The home page for the OpenSSL project says
OpenSSL is a robust, commercial-grade, and full-featured toolkit for the Transport Layer Security (TLS) and Secure Sockets Layer (SSL) protocols. It is also a general-purpose cryptography library. …
If you’ve never heard of the project before, you would rightly suppose that OpenSSL implements SSL (and its successor TLS). But you might not realize that OpenSSL “is also a general-purpose cryptography library.”
After thinking about it a bit, you might realize that software implementing SSL must have some encryption capability, but it doesn’t follow that this capability would necessarily be readily accessible. In fact, OpenSSL has implements a lot of cryptography algorithms and makes them easy to use from the command line. For example, this post shows how to compute hash functions using the openssl
command.
Earlier today I wrote a thread on @CompSciFact about the famous example of encrypting an image of the Linux mascot Tux using ECB (Electronic Code Book) mode. As the saying goes, you should never use ECB “because you can see the penguin.”

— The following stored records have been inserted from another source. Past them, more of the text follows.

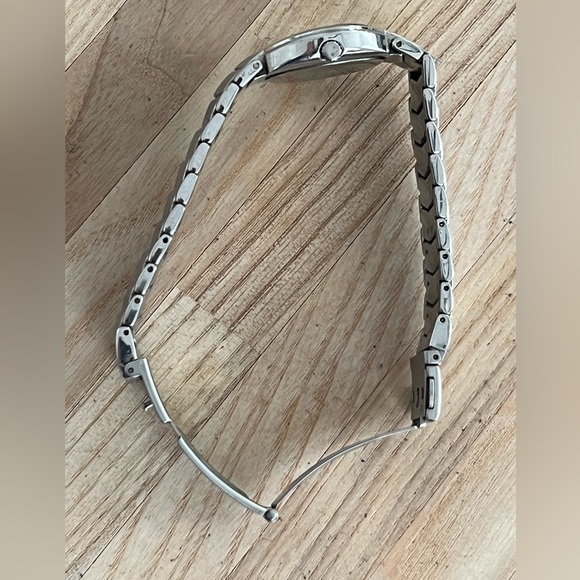 Caterpillar CAT Ladies Watch ULTRA RARE Stainless Bracelet Case Dial Date Window - Picture 7 of 12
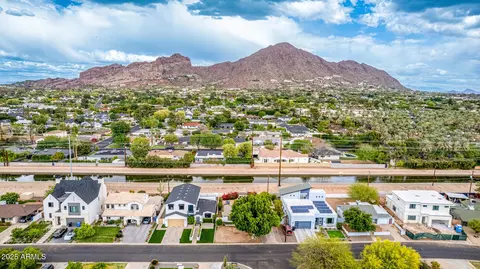 View/Area - 4418 E Montecito Ave, Phoenix, AZ 85018 photo 6 of 13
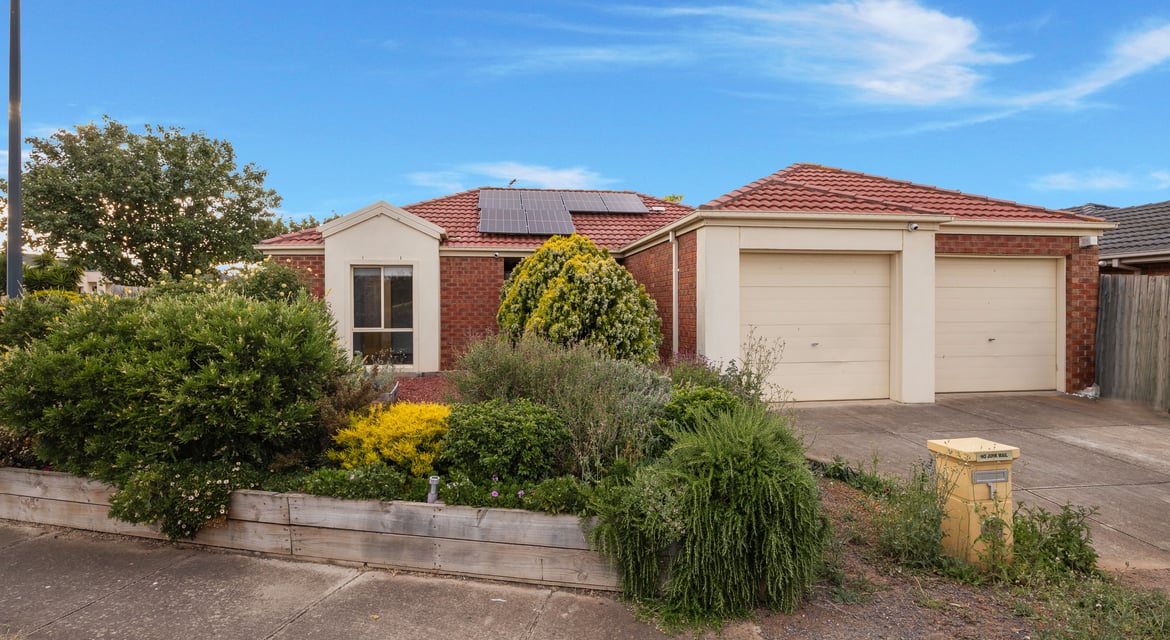 Family Home for rent near the amenities!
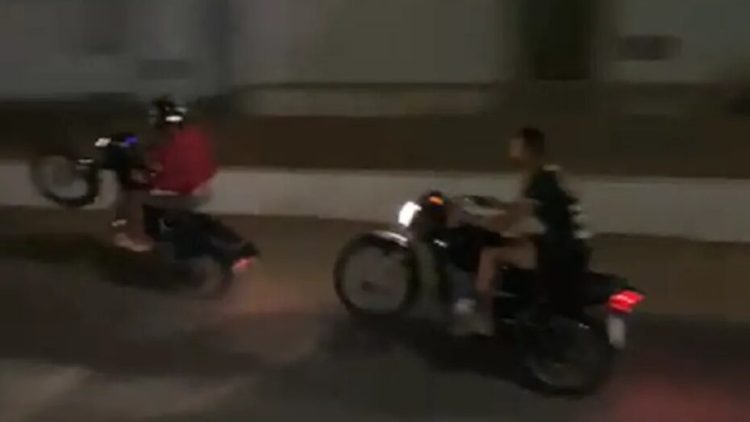 Homens sofrem acidente após empinar moto em alta velocidade. Foto: Reprodução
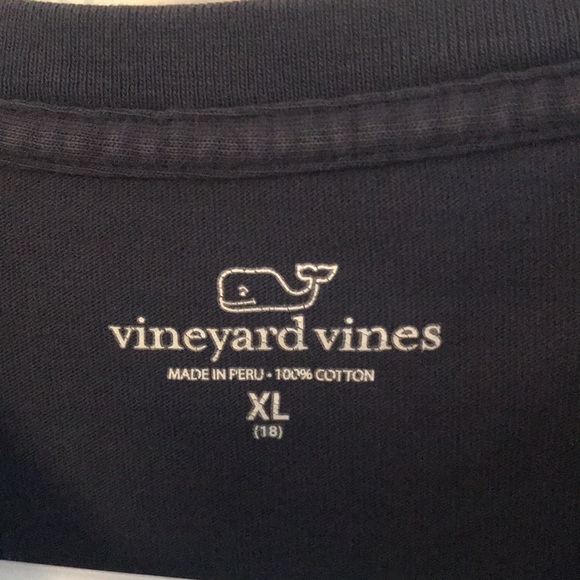 Vineyard Vines Tshirt / Tee - Picture 3 of 3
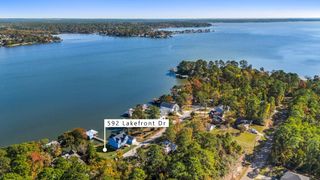 592 Lakefront Drive, Onalaska, TX 77360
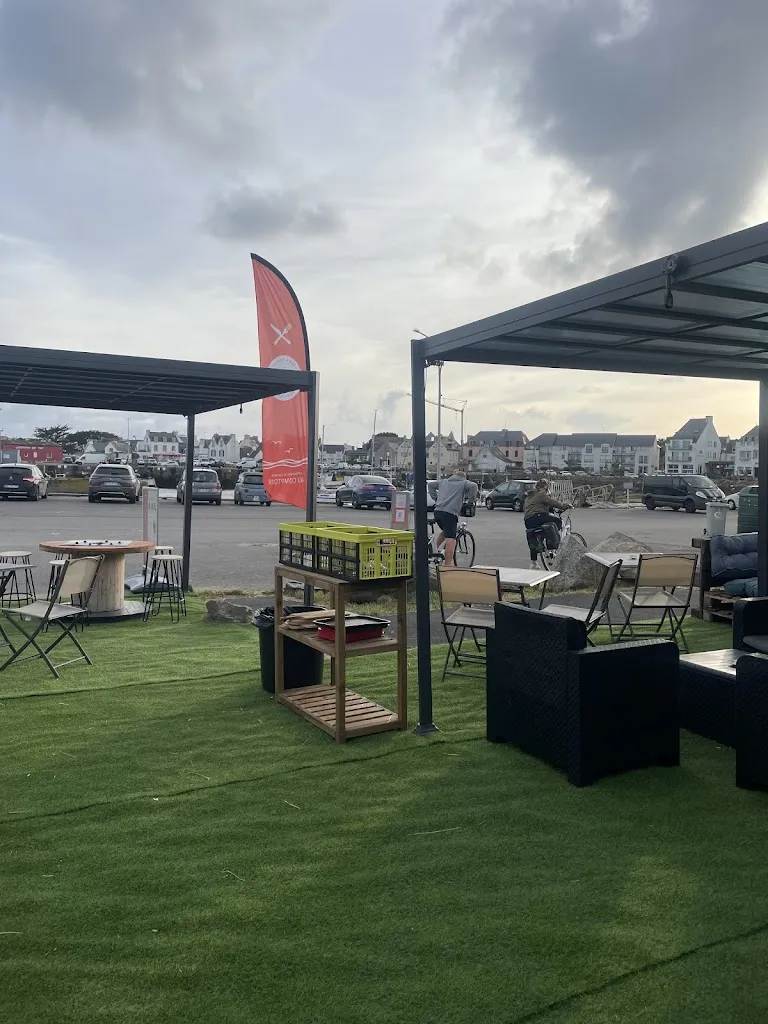 Jeanne Tom_Ty'16_Loctudy_review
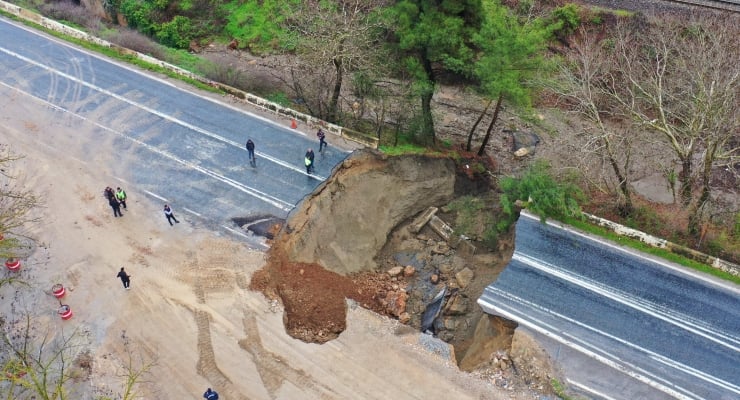 Aydinda Coken Yol Meclis Gundeminde 636757 652113D9362Bb658265C1B030Bedd5A6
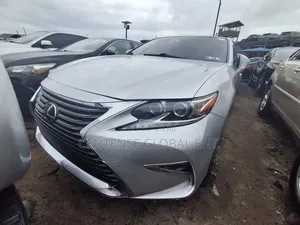 Lexus ES 2016 Silver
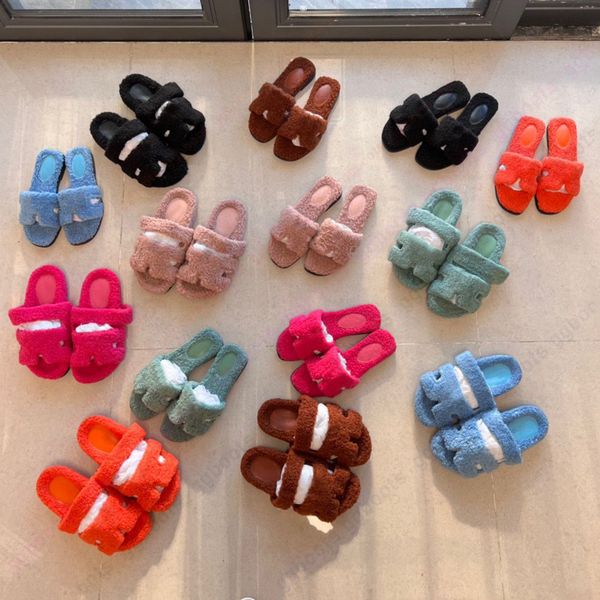 Luxo Slippers Slides Designer Man Homem 2023 Inverno ao ar livre Sapatos de lã plana Sandálias de tosquinho fofinho de tosquinho de chinelos chineares chinear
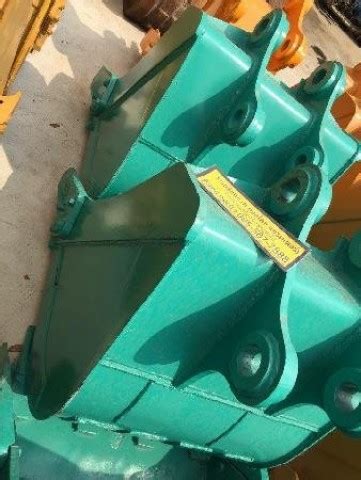 Machine comes with the following: บุ้งกี๋ kobelco sk100 | thaitractor.com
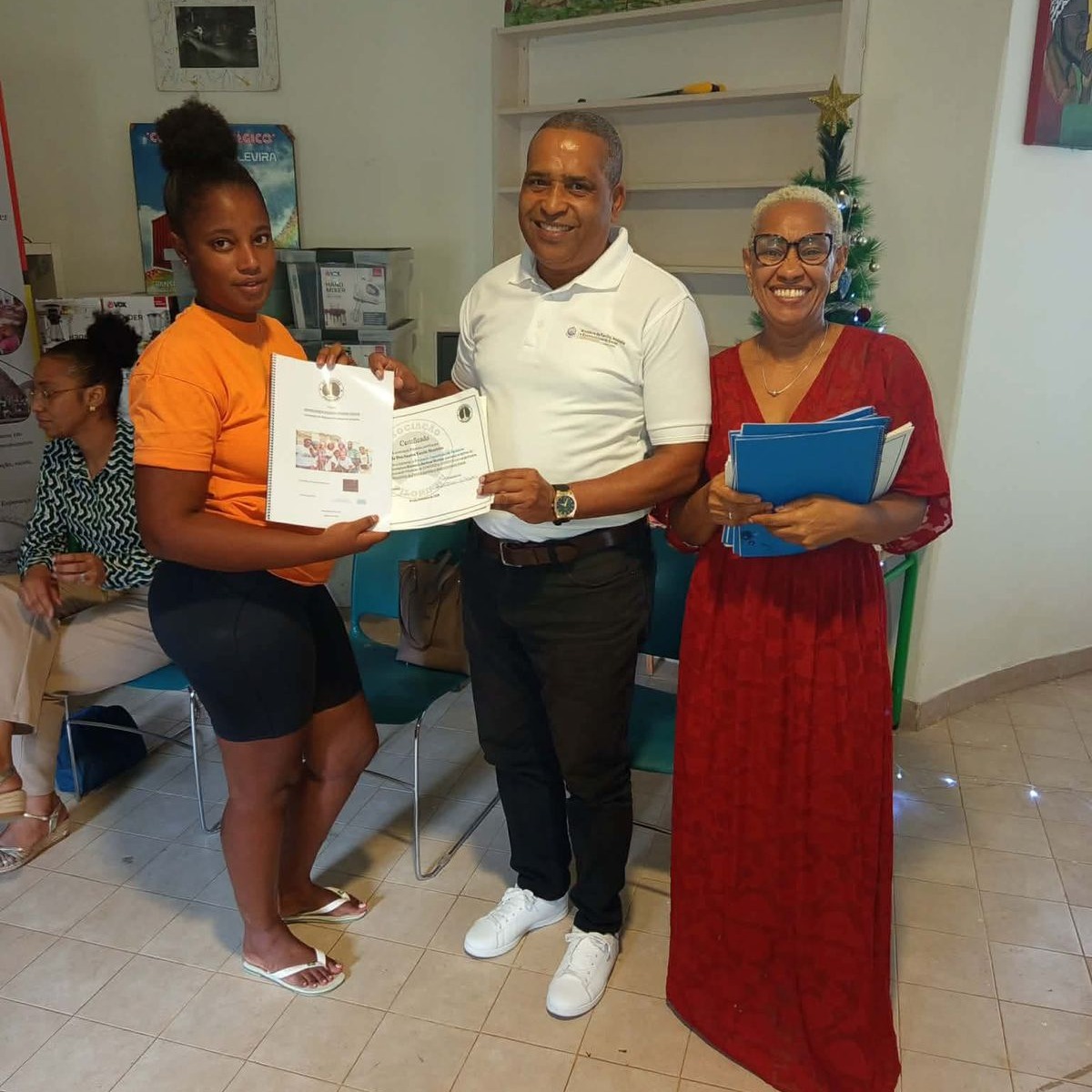 Inclusão Produtiva reforça empreendedorismo familiar em Achada Grande Frente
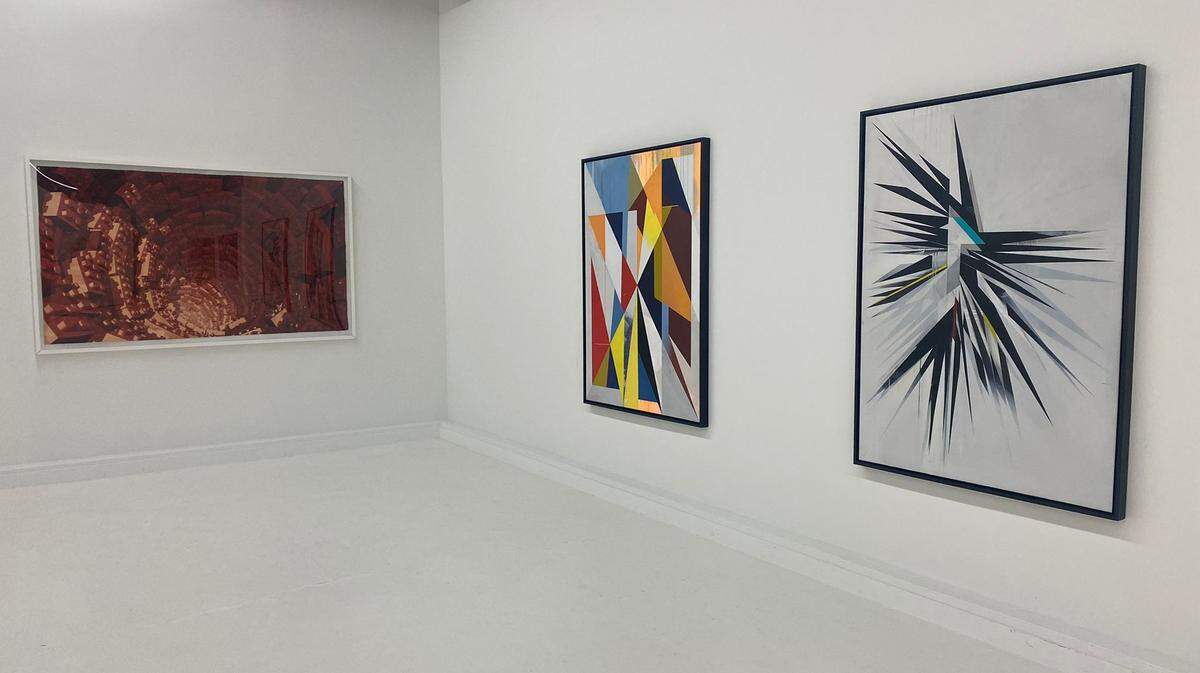 Piezas de Dagoberto Rodríguez y Fernando de Szyszlo en Modern Contemporaries.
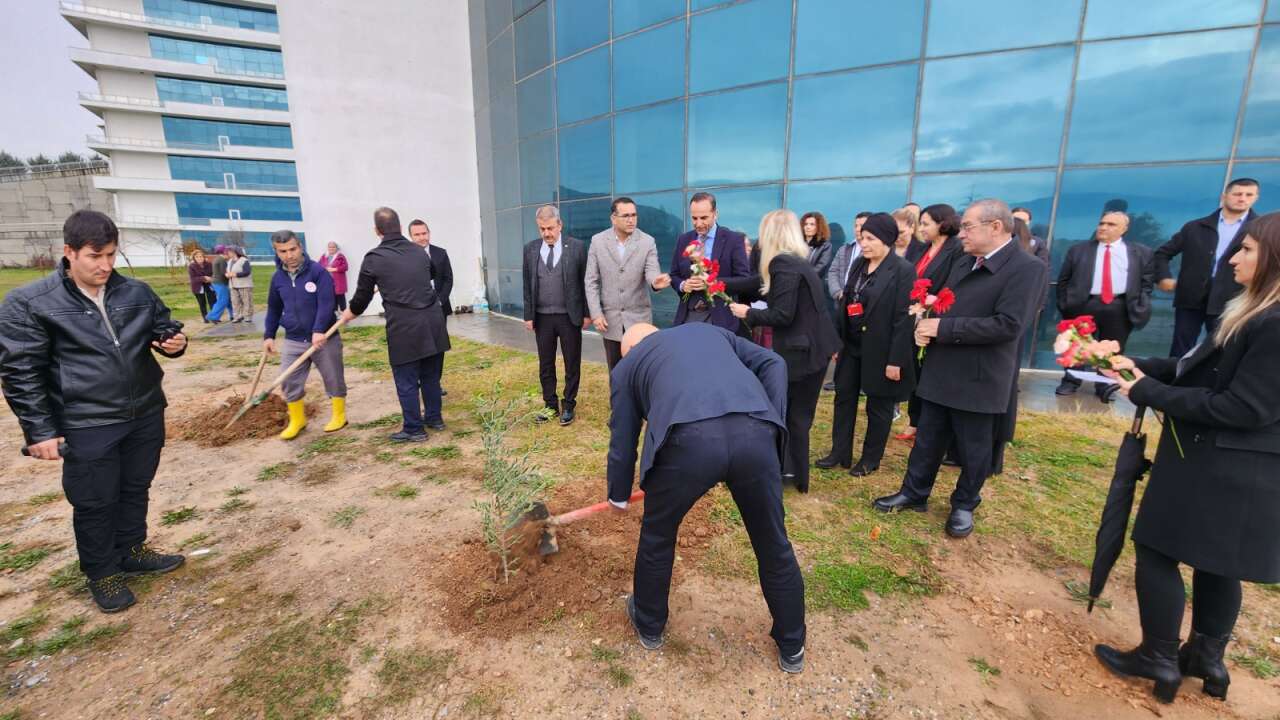 Muğla’da Yürekleri Yakan Anma: Sağlık Şehitlerinin İsimleri Zeytin Ağaçlarında Yaşayacak 5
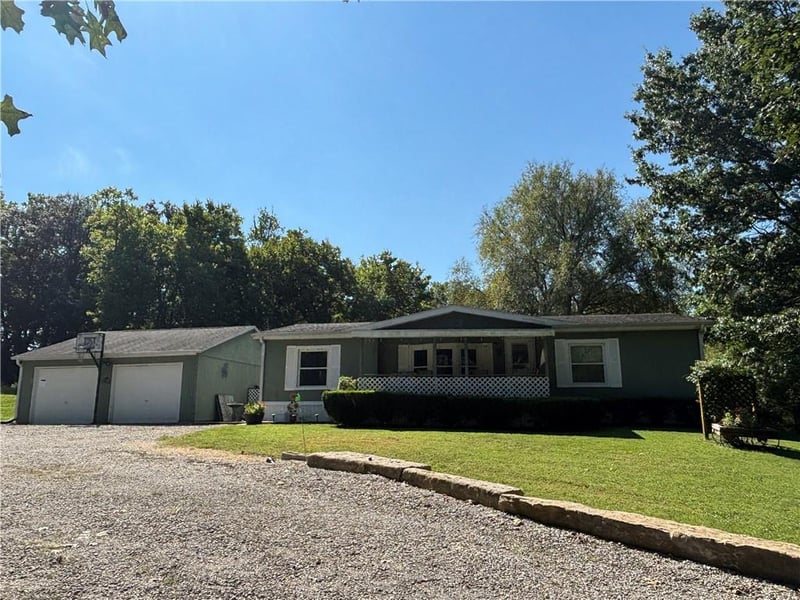 114 Trout Ct, Gallatin, MO 64640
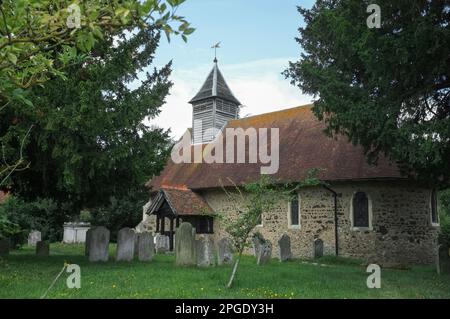 St. Église de Nicholas, Little Braxted, Essex. Une petite église composée d'une nef normande et d'un chœur éperlé construit autour de 1120 après J.-C. Banque D'Images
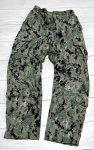 画像1: 米軍実物,US NAVY,　AOR2　NUW　迷彩パンツ　TYPEIII　SMALL-SHORT (1)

I wanted to try reproducing the example, and my first thought was to use Python. But setting up encryption libraries is a fairly lengthy process, while AES encryption using openssl
is a one-liner.
You can still see the outline of Tux, but my penguin looks quite different from the famous example for a variety of reasons. For starters, I don’t know what key was used in the original image. Also, there are a variety of ways to extract the data from an image, encrypt it, and put it back. I basically followed Filippo Valsorda’s post The ECB Penguin but I had to make a few changes to get it to work due to changes in GIMP since that post was written.